The City Council raised residential garbage bills from $32 per month to $47 per month in February in anticipation of higher tipping fees charged by SPSA.
Cheatham added that the city of Franklin would not keep any excess money collected for higher tipping fees.
“However, please keep in mind that the city picked up a good portion of the projected $245 increase until the end of June with budget reductions, and exactly how that calculates to this decrease (to $170) has not been determined,” Cheatham said. “Next year the entire tipping fee will be passed through to the customers.”
Isle of Wight’s Clark said, “We’re working on trying to figure out how that’s going to be funded right now. I don’t think we have an answer for that. Maybe we can find enough savings internally for this short period of time.
“Hopefully that tipping fee will come down from $170. This is a gap plan just until we get the waste-to-energy plant sold, and then hopefully the tipping fee will come down after that — if we can eliminate some of this debt. It’s either got to come from reserves or from some annual budget savings.”
Isle of Wight and Southampton residents pay for garbage disposal through their property taxes.
Southampton’s Jones said, “It’s going to cost us some money that we don’t have budgeted.” He added that the $170 fee “just delays the cost until we can sell the waste-to-energy plant.”
Two companies — Covanta Energy Corp. of Fairfield, N.J., and Wheelabrator Technologies Inc. of Hampton, N.H. — are vying to purchase the waste-to-energy incinerator in Portsmouth from SPSA.
“I’m not certain, but I’m almost sure that it’s going to happen sooner or later,” Jones said of selling the incinerator.
Clark concurred, saying, “I don’t believe that this organization has an option to hold onto it. I think the debt level is so great, and the call on the debt (is) at our doorstep. I do not believe we have an option not to sell the waste-to-energy plant.”
Cheatham said, “I think it will sell. We will also follow the path of looking into selling other assets as well.”
ReEnergy Holdings LLC, a company based in Latham, N.Y., has offered $205 million for all of SPSA’s assets, which includes the incinerator, a Suffolk landfill, transfer stations and recycling centers. Its offer is contingent on a long-term contract with SPSA’s member localities.

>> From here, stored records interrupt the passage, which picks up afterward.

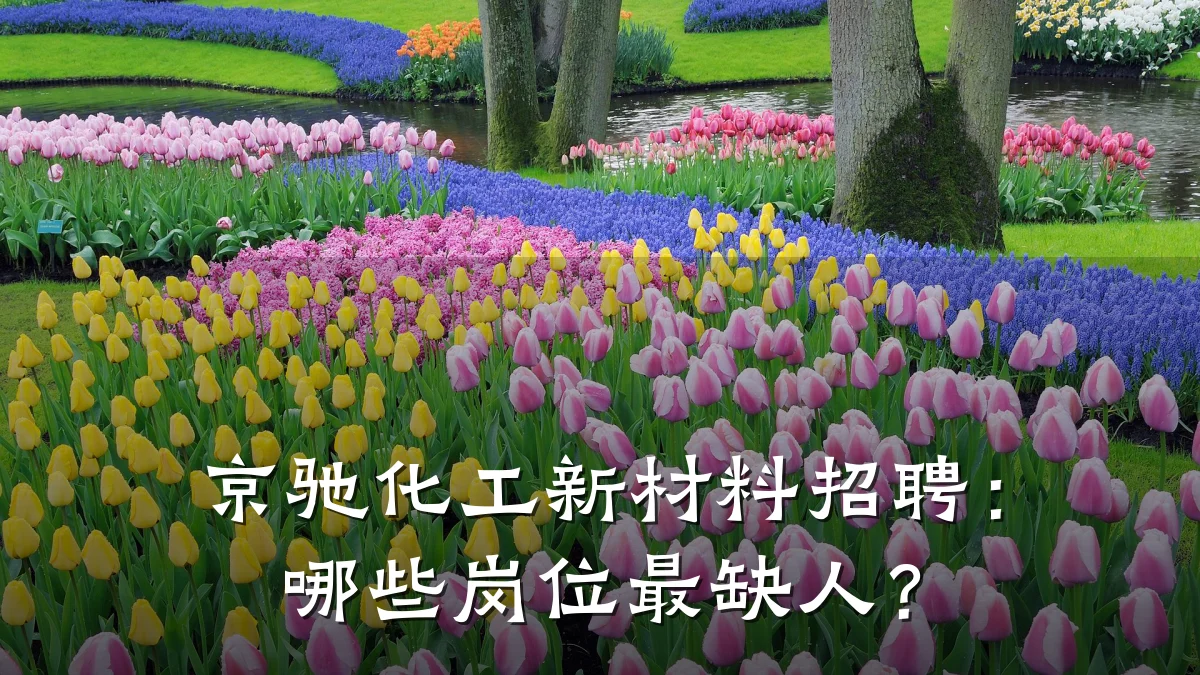 京驰化工新材料招聘：哪些岗位最缺人？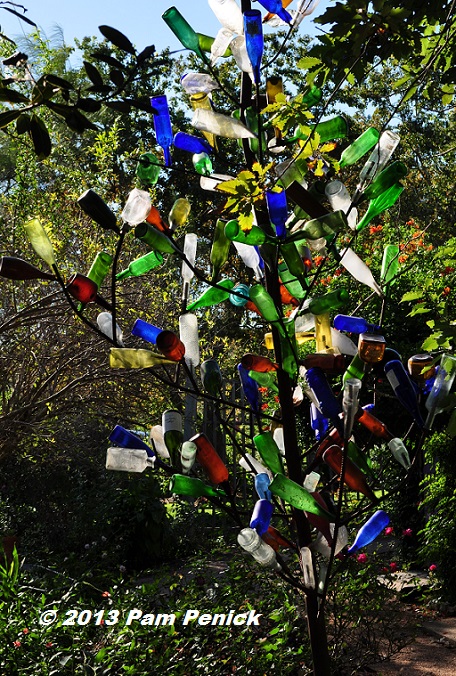 Bottle Tree  Star Nursery Garden and Rock Centers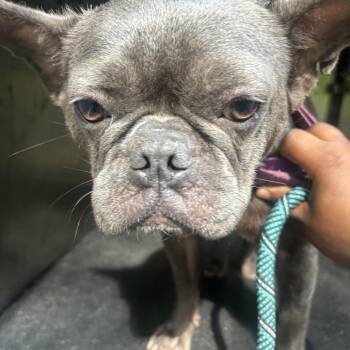 Shayla -  French Bulldog Dog for Adoption in Helena, Alabama - Shayla | PetCurious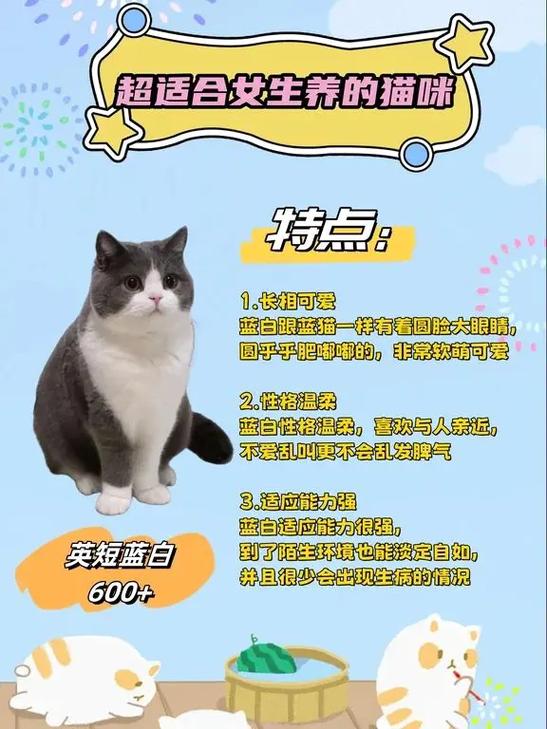 蓝白猫好养吗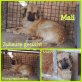Mali, Mischling - Rüde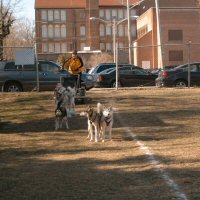 Demonstration of dryland dog sledding.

Clark said the latest plan to keep SPSA afloat shouldn’t be considered a bailout.
“We call it a ‘gap funding plan’ because it fills the gap between where SPSA is right now — the budget shortfalls that they have right now — and when they get the waste-to-energy plant sold,” Clark said. “We needed a plan to bridge that gap so SPSA could keep operating. This plan does that. Am I happy that we have to do a gap-funding plan at all? No.”
The VRA sought “full faith and credit” commitments from seven of the eight localities served by SPSA. The eighth, Southampton County, would require a referendum of voters to extend its full faith and credit.
Southampton County Administrator Michael Johnson said the state constitution stipulates that a county cannot assume long-term debt without a referendum. Johnson said the VRA “wouldn’t ask the county to go through such extraordinary measures” and instead asked for a moral obligation, which the county gave last month.
“Southampton County is ready and willing to consider guaranteeing VRA its portion of SPSA’s debt, allocated on the basis of population,” Jones said in a letter to VRA dated Feb. 23.
Isle of Wight County spokesman Don Robertson said that county has the authority to assume long-term debt.